Sid Anderson, owner of Sid-A-Del Jewelers, had one piece of advice for the City of Casper.

"Time your disasters," he said. "Seriously. We just got out of Corona. I just quit my second job that I used to keep this place open during Corona, and now I've got a month's worth of no income. It would have been nice to have some breathing room between then and now because you know they're gonna lock us back down next year because there'll be elections and we've got to lock people down for elections. The government is becoming very tyrannical."

Anderson said he doesn't buy that this was something that had to be done this year. If the goal is to make downtown more beautiful, he said, there are a lot of different things that could be done that don't block off the streets.

"Downtown businesses need a chance to recover," Anderson stated. "We don't mind the work and if they say we need it, okay. But, quite honestly, there's potholes all over this town that could be filled. If they want to make downtown look better, they would start patrolling the alleys, getting rid of all the graffiti. Two days ago, there was a homeless guy sleeping in the entryway a couple of doors down. That chases away business, cause they're always panhandling. They haven't been aggressive this year, but last year, my God. They were aggressive homeless people."

Anderson said that in addition to cleaning up graffiti and, um, expelling homeless people, the City of Casper should also look at free parking options.
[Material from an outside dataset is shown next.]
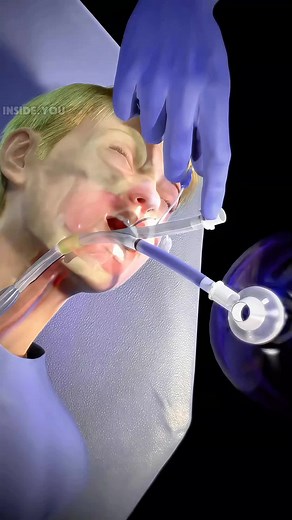 Endotracheal Intubation: A Life-Saving Procedure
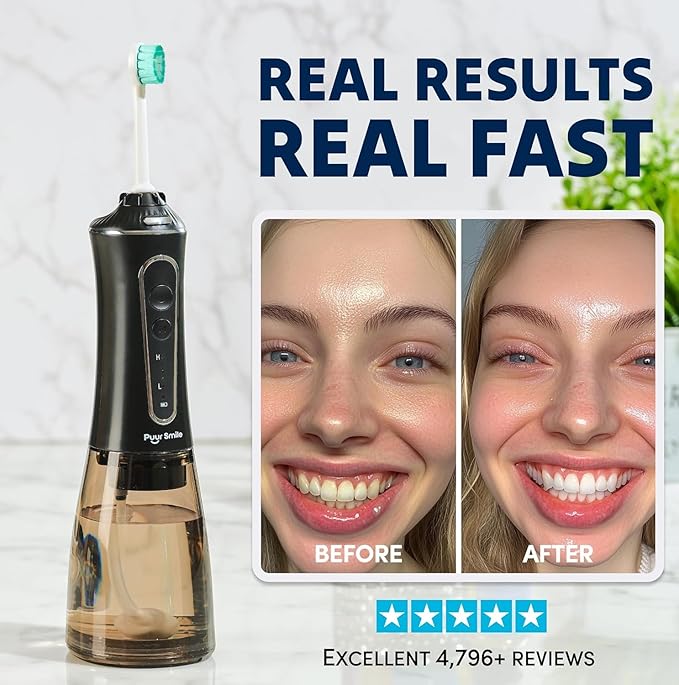 Professional Water Flosser - Advanced Dental Care for a Healthier Mouth, Gum, and Teeth - IPX7 Waterproof Oral Irrigator | 7 Replacement Tips, Travel-Friendly, Rechargeable - Oral Hygiene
"We need free parking," he said. "I'm dreading the day that they decide that they want to put in parking meters, because that will kill us. I will most likely be forced to close this shop up and open one somewhere else. If they want more businesses downtown, they've got to make it customer-friendly, and right now it's just not."

Nick Perkins, Townsquare Media
Nick Perkins, Townsquare Media

Tinnelli is a bit more understanding of the need to complete this project this month.
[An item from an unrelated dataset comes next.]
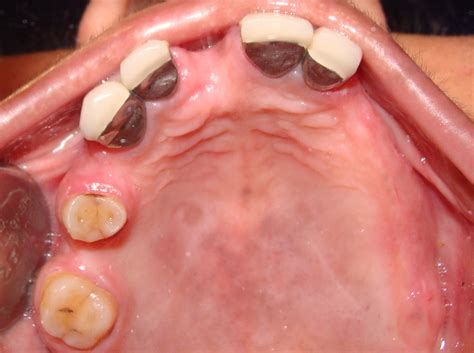 Immediate Replacement of Missing Teeth with Dental Implants - Dr. Ashish Shah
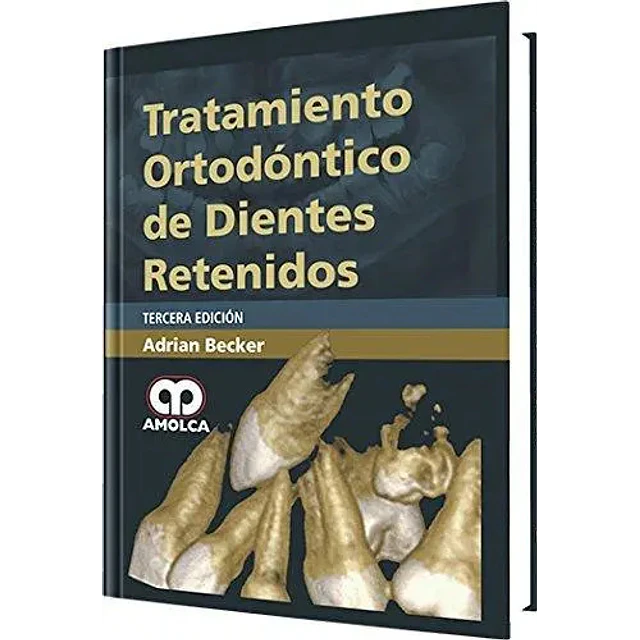 Tratamiento Ortodóntico de Dientes Retenidos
"I think as long as the weather's nice, people will get up and walk," he said. "I've been thinking a lot about the timing of it and I guess this really is about the best time. You don't want to be doing it over the winter, you don't want to do it over the summer when we're making all of our money. So, you know, I understand. I think a few things could've been done a little differently, but overall, after talking to these guys, they just want to make everybody happy."

Gothard confirmed this.

"The City of Casper put the project out and they do so, they give us a completion date," he said. "We have to be done by that completion date. And it's better to do it now. If you wait a year, especially with as much traffic is down here, even the foot traffic- the way some of the sidewalks are, and the curb and the gutter and the crosswalks are- they're huge trip hazards. And if they get covered with snow and you can't see them as well, people could get hurt. It's better to handle these things as soon as you can, especially in a busy part of town, so that you can prevent personal injury and wrecks and accidents."
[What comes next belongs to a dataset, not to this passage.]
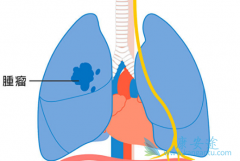 ��ϣ����(Osimertinib)��־���ҹ��ΰ�������ʽ����ȫ�̰�������ʱ��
Gothard said that they have a job to do, but they also know that businesses in downtown Casper have a job as well, and they are trying to move forward as quickly, efficiently and, most importantly, as safely as they can.

"Just have a little patience," Gothard offered. "I promise you'll appreciate it when it's fixed up. If people have any questions, they can feel free to call us and we'll talk them through whatever we can. We're just trying to help Casper look good. We're trying to clean it up."

Phone calls to Scott Baxter with the City of Casper have, as of this writing, not been returned. This story will be updated with comments from Baxter if and when they become available.